All patients received 3500-4000 shock waves per session at 17-18 KV energy. Success rate was significantly higher in the second and third groups, while the durations of hematuria and analgesic requirement were significantly shorter in groups 2 and 3. There was no significant difference between groups 2 and 3 in all outcome and complication parameters; however, the duration of treatment was significantly longer in groups 2 and 3.

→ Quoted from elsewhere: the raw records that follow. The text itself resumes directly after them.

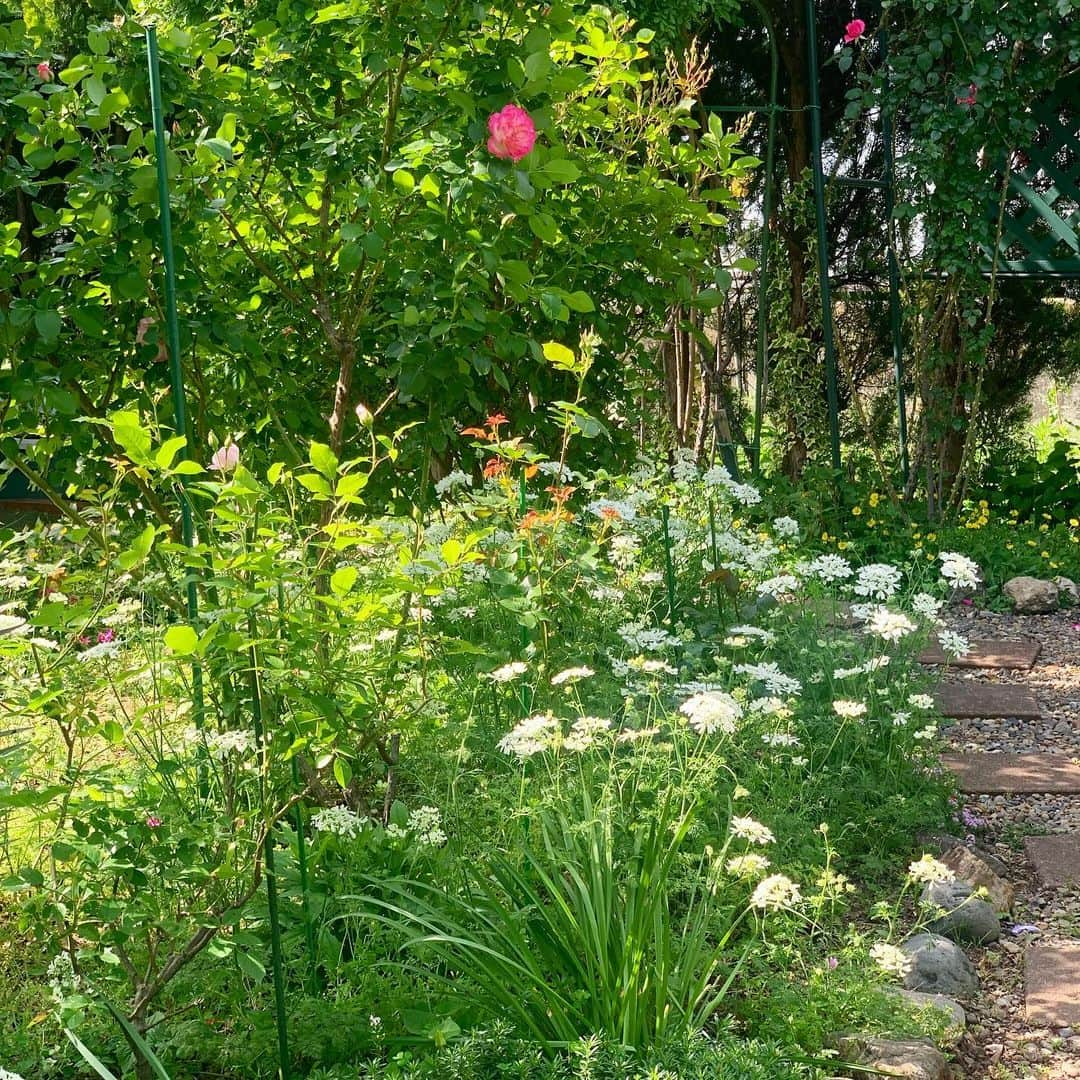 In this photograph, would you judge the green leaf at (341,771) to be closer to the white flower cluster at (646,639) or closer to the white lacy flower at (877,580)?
the white flower cluster at (646,639)

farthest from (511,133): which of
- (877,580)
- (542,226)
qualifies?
(877,580)

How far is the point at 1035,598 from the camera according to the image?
531 cm

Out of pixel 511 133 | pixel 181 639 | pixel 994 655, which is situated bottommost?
pixel 994 655

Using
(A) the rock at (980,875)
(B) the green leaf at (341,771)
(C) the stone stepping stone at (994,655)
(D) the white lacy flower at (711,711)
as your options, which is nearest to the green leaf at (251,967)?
(B) the green leaf at (341,771)

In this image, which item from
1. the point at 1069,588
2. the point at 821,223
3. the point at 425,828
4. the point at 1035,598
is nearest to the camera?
the point at 425,828

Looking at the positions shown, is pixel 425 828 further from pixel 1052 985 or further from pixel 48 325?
pixel 1052 985

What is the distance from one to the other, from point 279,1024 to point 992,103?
18.1 feet

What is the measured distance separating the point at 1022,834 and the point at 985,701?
102 cm

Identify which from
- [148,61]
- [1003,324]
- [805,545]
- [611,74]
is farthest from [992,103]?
[148,61]

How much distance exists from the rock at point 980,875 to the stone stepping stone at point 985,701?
1.02m

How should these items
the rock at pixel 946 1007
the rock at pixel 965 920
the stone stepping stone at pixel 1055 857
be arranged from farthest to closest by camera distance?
the stone stepping stone at pixel 1055 857, the rock at pixel 965 920, the rock at pixel 946 1007

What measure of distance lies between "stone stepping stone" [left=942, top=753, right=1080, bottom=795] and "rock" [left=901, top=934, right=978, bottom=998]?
3.16 ft

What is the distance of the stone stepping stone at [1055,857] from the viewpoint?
2922 millimetres

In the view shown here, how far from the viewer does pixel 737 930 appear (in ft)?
8.21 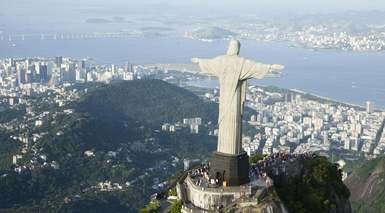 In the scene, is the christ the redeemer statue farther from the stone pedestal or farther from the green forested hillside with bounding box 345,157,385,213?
the green forested hillside with bounding box 345,157,385,213

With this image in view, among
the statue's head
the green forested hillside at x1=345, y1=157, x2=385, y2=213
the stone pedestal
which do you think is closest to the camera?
the stone pedestal

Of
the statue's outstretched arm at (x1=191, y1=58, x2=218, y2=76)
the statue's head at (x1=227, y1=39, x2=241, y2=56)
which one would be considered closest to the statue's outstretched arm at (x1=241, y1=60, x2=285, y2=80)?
the statue's head at (x1=227, y1=39, x2=241, y2=56)

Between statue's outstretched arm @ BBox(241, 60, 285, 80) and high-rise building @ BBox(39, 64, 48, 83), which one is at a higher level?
statue's outstretched arm @ BBox(241, 60, 285, 80)

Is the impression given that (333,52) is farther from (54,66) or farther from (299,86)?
(54,66)

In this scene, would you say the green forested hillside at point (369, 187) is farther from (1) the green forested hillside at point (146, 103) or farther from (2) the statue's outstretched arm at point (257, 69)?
(1) the green forested hillside at point (146, 103)

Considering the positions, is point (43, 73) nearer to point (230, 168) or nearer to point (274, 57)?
point (274, 57)

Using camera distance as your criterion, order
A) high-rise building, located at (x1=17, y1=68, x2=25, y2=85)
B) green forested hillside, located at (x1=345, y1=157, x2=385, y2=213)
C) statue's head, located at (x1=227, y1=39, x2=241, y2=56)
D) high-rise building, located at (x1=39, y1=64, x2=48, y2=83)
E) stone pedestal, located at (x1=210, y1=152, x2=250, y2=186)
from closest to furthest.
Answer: stone pedestal, located at (x1=210, y1=152, x2=250, y2=186) < statue's head, located at (x1=227, y1=39, x2=241, y2=56) < green forested hillside, located at (x1=345, y1=157, x2=385, y2=213) < high-rise building, located at (x1=17, y1=68, x2=25, y2=85) < high-rise building, located at (x1=39, y1=64, x2=48, y2=83) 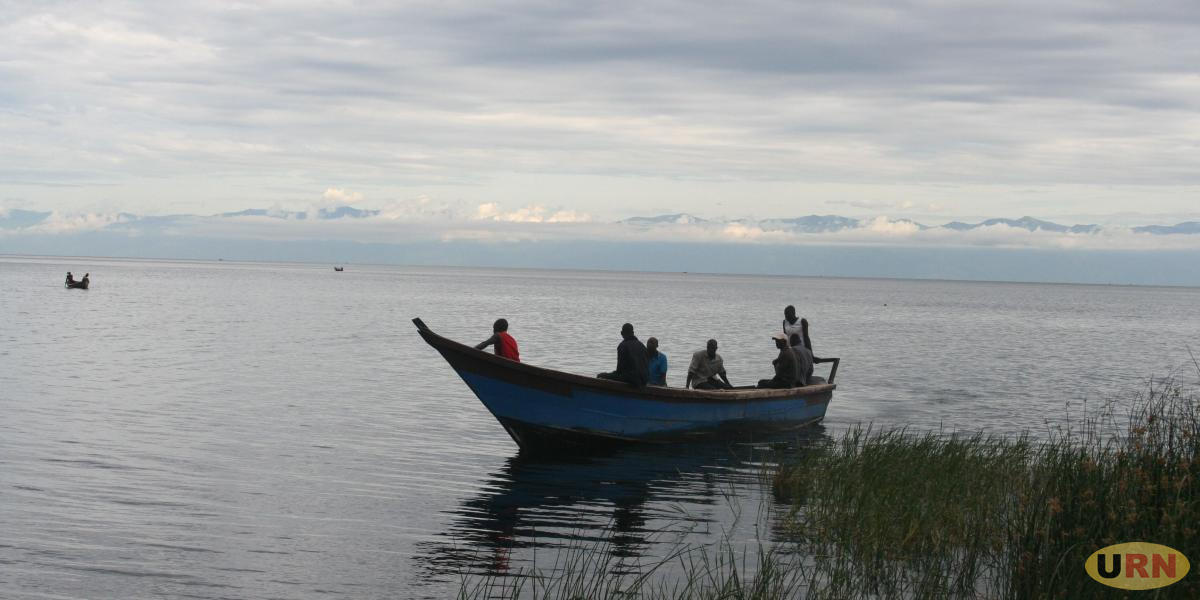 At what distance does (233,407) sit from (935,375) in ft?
91.9

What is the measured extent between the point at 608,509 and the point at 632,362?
14.2 ft

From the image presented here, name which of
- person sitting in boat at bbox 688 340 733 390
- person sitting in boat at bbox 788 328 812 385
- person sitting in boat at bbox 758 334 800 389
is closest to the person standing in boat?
person sitting in boat at bbox 788 328 812 385

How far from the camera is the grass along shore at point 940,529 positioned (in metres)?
9.91

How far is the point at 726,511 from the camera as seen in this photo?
16906 millimetres

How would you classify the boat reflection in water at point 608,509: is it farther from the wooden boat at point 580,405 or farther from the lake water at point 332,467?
the wooden boat at point 580,405

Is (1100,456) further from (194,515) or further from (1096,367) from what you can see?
(1096,367)

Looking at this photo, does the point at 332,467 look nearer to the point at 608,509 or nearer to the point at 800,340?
the point at 608,509

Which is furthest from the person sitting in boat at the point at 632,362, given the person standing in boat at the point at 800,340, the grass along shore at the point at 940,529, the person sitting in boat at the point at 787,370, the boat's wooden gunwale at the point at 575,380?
the person standing in boat at the point at 800,340

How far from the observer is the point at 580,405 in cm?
2108

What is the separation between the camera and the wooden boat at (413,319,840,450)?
20.3 meters

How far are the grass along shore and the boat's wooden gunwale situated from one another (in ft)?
12.2

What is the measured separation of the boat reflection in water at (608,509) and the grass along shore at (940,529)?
49 centimetres

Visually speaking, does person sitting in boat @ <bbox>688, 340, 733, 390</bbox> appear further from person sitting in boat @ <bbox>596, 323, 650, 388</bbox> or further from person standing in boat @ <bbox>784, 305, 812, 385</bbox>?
person sitting in boat @ <bbox>596, 323, 650, 388</bbox>

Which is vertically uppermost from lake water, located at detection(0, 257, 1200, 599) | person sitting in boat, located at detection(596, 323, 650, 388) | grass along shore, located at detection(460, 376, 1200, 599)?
person sitting in boat, located at detection(596, 323, 650, 388) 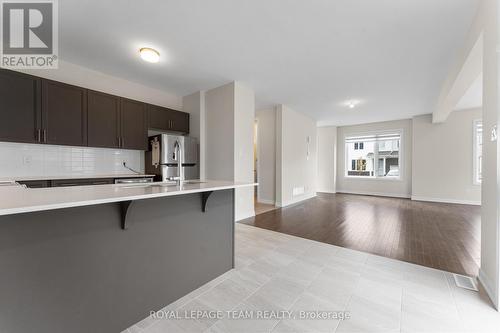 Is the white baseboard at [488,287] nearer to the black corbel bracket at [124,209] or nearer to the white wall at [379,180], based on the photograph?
the black corbel bracket at [124,209]

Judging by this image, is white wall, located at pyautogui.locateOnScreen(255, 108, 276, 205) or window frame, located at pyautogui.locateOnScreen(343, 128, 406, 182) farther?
window frame, located at pyautogui.locateOnScreen(343, 128, 406, 182)

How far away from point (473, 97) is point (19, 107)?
8.74m

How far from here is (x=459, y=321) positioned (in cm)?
147

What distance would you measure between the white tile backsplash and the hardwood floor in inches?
106

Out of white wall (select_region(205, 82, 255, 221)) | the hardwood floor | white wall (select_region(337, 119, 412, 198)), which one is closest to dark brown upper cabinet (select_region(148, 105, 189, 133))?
white wall (select_region(205, 82, 255, 221))

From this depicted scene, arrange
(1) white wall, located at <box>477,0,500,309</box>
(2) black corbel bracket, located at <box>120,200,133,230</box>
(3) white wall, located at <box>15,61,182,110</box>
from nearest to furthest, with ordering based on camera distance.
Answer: (2) black corbel bracket, located at <box>120,200,133,230</box>
(1) white wall, located at <box>477,0,500,309</box>
(3) white wall, located at <box>15,61,182,110</box>

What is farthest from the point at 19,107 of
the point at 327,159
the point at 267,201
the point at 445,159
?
the point at 445,159

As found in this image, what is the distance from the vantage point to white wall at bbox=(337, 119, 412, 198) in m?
6.92

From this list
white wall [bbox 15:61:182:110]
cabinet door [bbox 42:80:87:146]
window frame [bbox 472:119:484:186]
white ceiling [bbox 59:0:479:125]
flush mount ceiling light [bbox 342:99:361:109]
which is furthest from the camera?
window frame [bbox 472:119:484:186]

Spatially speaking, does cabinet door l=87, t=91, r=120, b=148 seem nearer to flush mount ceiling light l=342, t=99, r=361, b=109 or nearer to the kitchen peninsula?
the kitchen peninsula

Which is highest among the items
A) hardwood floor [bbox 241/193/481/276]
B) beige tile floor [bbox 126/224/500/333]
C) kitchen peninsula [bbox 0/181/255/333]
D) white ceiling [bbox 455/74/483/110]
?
white ceiling [bbox 455/74/483/110]

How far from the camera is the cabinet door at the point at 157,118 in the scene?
12.8ft

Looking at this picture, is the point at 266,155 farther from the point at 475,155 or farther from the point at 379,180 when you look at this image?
the point at 475,155

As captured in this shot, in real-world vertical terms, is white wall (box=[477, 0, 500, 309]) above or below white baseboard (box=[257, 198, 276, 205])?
above
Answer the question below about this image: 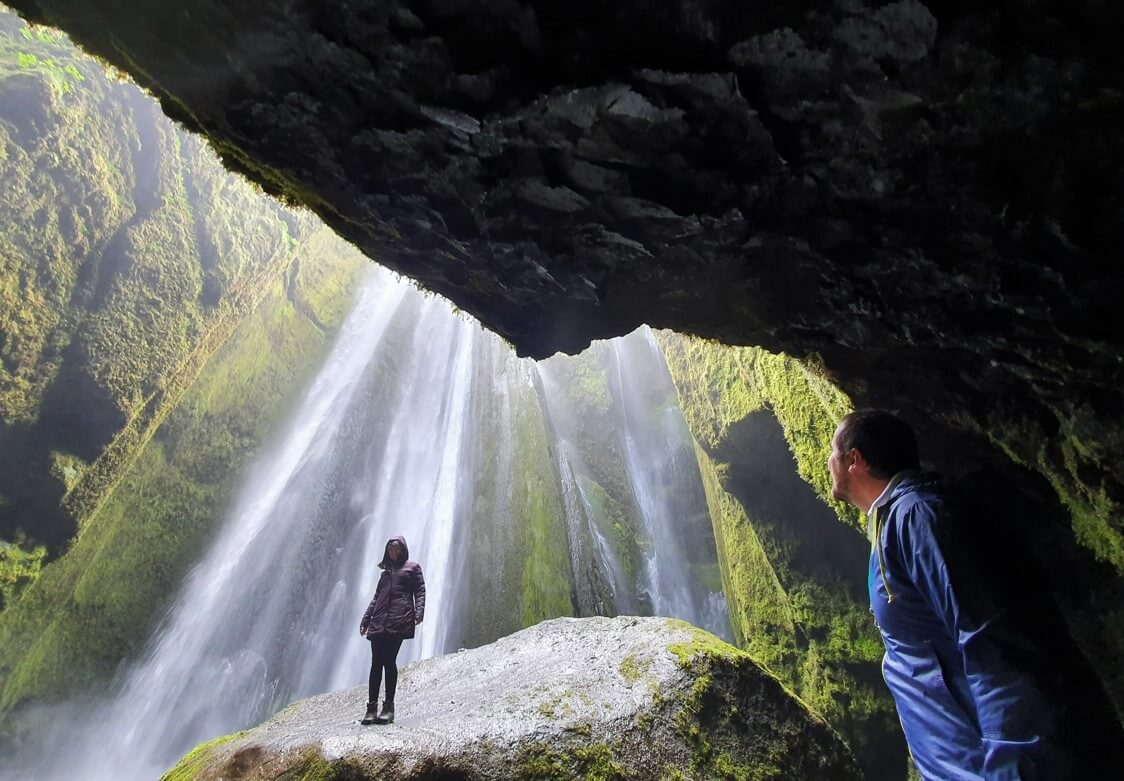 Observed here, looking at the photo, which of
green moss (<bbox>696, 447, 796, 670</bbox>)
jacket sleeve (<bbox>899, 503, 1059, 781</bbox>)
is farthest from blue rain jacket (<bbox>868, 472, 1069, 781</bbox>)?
green moss (<bbox>696, 447, 796, 670</bbox>)

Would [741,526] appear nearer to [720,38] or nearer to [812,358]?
[812,358]

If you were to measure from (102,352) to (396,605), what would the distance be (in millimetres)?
8796

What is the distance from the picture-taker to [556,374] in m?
27.2

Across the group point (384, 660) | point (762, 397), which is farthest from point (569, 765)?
point (762, 397)

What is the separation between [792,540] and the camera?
9.20 m

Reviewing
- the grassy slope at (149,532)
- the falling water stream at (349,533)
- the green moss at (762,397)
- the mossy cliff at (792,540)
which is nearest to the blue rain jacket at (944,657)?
the green moss at (762,397)

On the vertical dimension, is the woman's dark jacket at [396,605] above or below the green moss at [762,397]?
below

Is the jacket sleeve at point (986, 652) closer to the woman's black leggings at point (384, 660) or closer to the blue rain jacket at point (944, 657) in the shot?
the blue rain jacket at point (944, 657)

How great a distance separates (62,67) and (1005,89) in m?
15.0

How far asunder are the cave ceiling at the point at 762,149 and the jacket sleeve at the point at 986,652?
105 cm

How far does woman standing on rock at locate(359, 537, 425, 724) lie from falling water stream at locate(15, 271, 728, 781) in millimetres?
8194

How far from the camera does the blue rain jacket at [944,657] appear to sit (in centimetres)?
190

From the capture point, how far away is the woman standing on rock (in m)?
5.98

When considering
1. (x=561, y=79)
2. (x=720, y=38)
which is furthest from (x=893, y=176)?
(x=561, y=79) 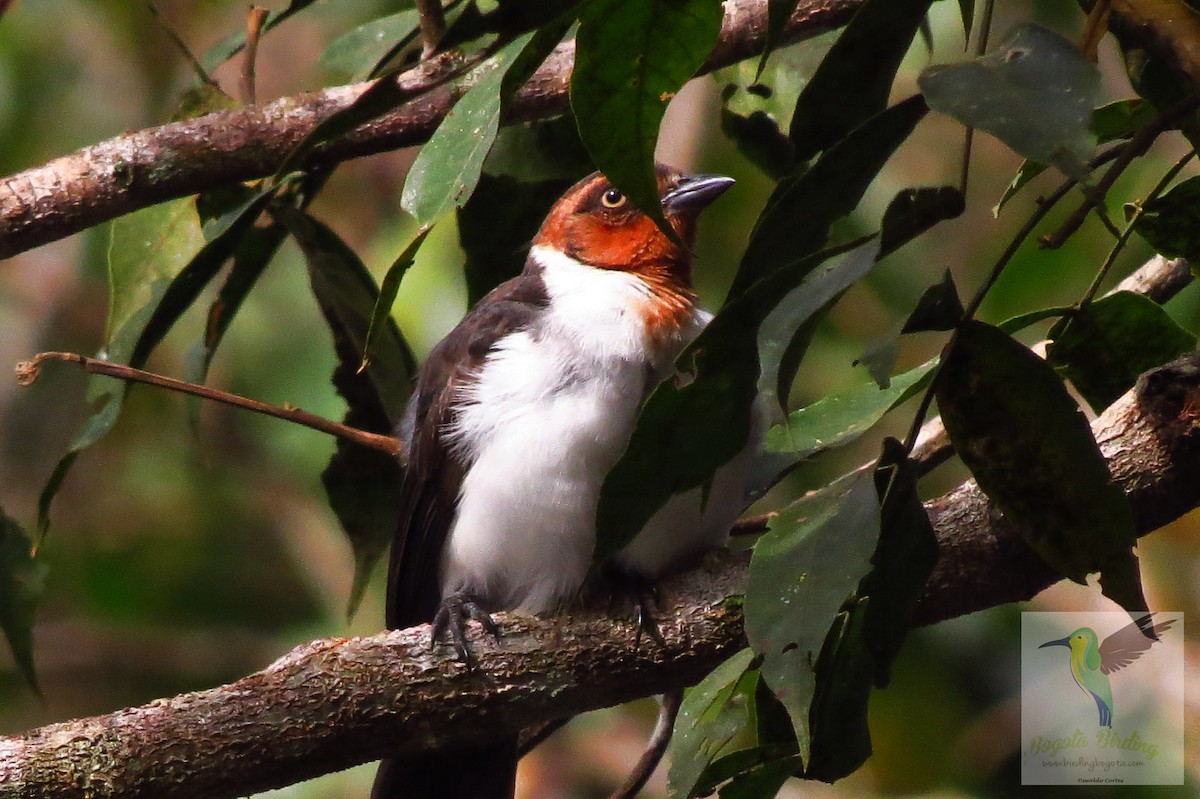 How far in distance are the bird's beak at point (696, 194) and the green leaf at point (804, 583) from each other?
1952mm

ESWL efficacy in fragmenting renal stones is significantly improved by decreasing frequency from the standard 120 sw/min to slower rates (90 and 60 sw/min), with significantly decreased analgesic requirement and hematuria durations. There were no significant differences between the 60 and 90 sw/min frequencies. Taking in account the longer treatment duration for the 60 sw/min frequency; the 90 sw/min frequency would be optimal in terms of stone disintegration, complications, and duration of treatment.